* **Provided information**:
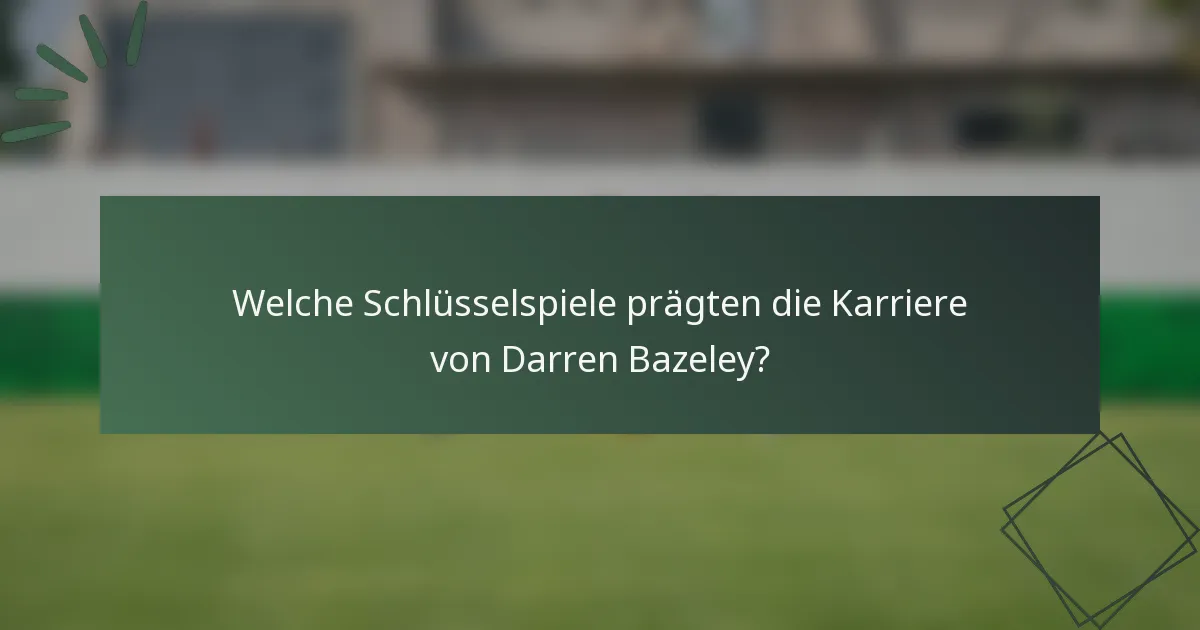 Welche Schlüsselspiele prägten die Karriere von Darren Bazeley?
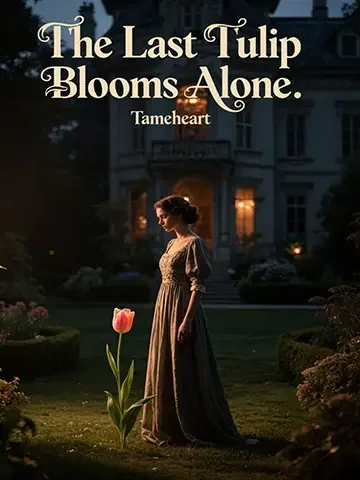 The Last Tulip Blooms Alone Novel Cover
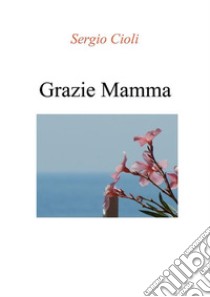 Grazie mamma. E-book. Formato EPUB ebook di Sergio Cioli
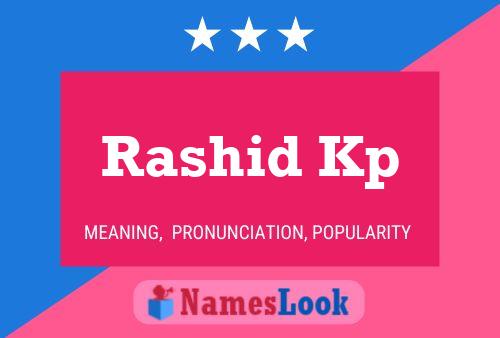 Rashid Kp Name Poster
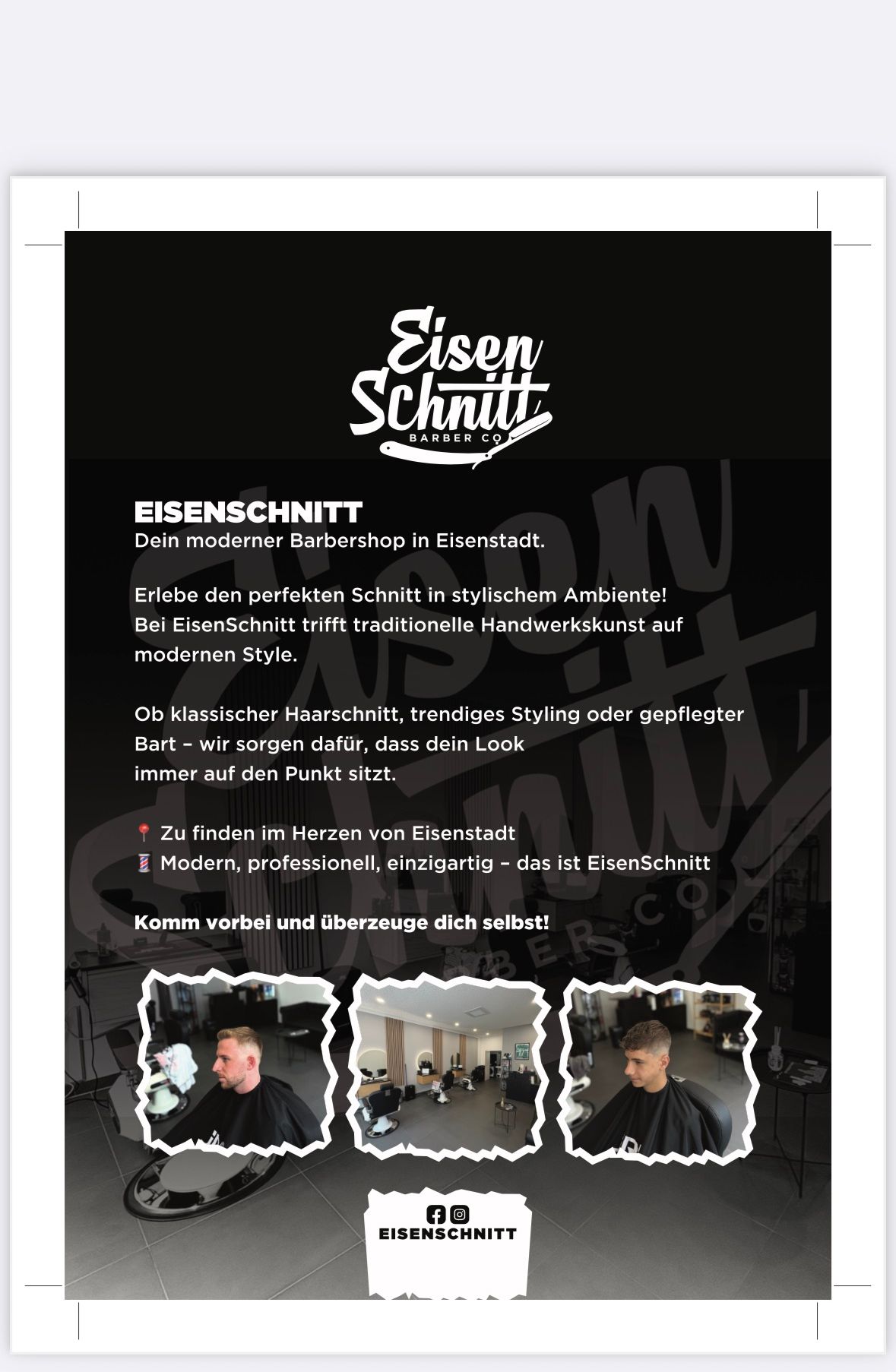 EisenSchnitt Barbershop in Eisenstadt bietet moderne und professionelle Haarschnitte. Erleben Sie traditionelle Handwerkskunst im modernen Stil. Ob klassischer Haarschnitt, trendiges Styling oder gepflegter Bart - wir sorgen dafür, dass Ihr Look immer perfekt ist.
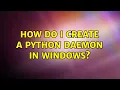 How do I create a python daemon in Windows 2 Solutions
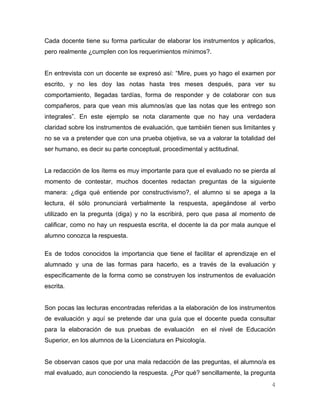 Cada docente tiene su forma particular de elaborar los instrumentos y aplicarlos,
pero realmente ¿cumplen con los requerimientos mínimos?.


En entrevista con un docente se expresó así: “Mire, pues yo hago el examen por
escrito, y no les doy las notas hasta tres meses después, para ver su
comportamiento, llegadas tardías, forma de responder y de colaborar con sus
compañeros, para que vean mis alumnos/as que las notas que les entrego son
integrales”. En este ejemplo se nota claramente que no hay una verdadera
claridad sobre los instrumentos de evaluación, que también tienen sus limitantes y
no se va a pretender que con una prueba objetiva, se va a valorar la totalidad del
ser humano, es decir su parte conceptual, procedimental y actitudinal.


La redacción de los ítems es muy importante para que el evaluado no se pierda al
momento de contestar, muchos docentes redactan preguntas de la siguiente
manera: ¿diga qué entiende por constructivismo?, el alumno si se apega a la
lectura, él sólo pronunciará verbalmente la respuesta, apegándose al verbo
utilizado en la pregunta (diga) y no la escribirá, pero que pasa al momento de
calificar, como no hay un respuesta escrita, el docente la da por mala aunque el
alumno conozca la respuesta.

Es de todos conocidos la importancia que tiene el facilitar el aprendizaje en el
alumnado y una de las formas para hacerlo, es a través de la evaluación y
específicamente de la forma como se construyen los instrumentos de evaluación
escrita.


Son pocas las lecturas encontradas referidas a la elaboración de los instrumentos
de evaluación y aquí se pretende dar una guía que el docente pueda consultar
para la elaboración de sus pruebas de evaluación        en el nivel de Educación
Superior, en los alumnos de la Licenciatura en Psicología.


Se observan casos que por una mala redacción de las preguntas, el alumno/a es
mal evaluado, aun conociendo la respuesta. ¿Por qué? sencillamente, la pregunta
                                                                                4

* **What the task asks**: Your task is to output exactly the lines running from the one with "Superior, en los" through the final line of the material above, with both ends included.

* **Solution for this exercise**:
Superior, en los alumnos de la Licenciatura en Psicología.


Se observan casos que por una mala redacción de las preguntas, el alumno/a es
mal evaluado, aun conociendo la respuesta. ¿Por qué? sencillamente, la pregunta
                                                                                4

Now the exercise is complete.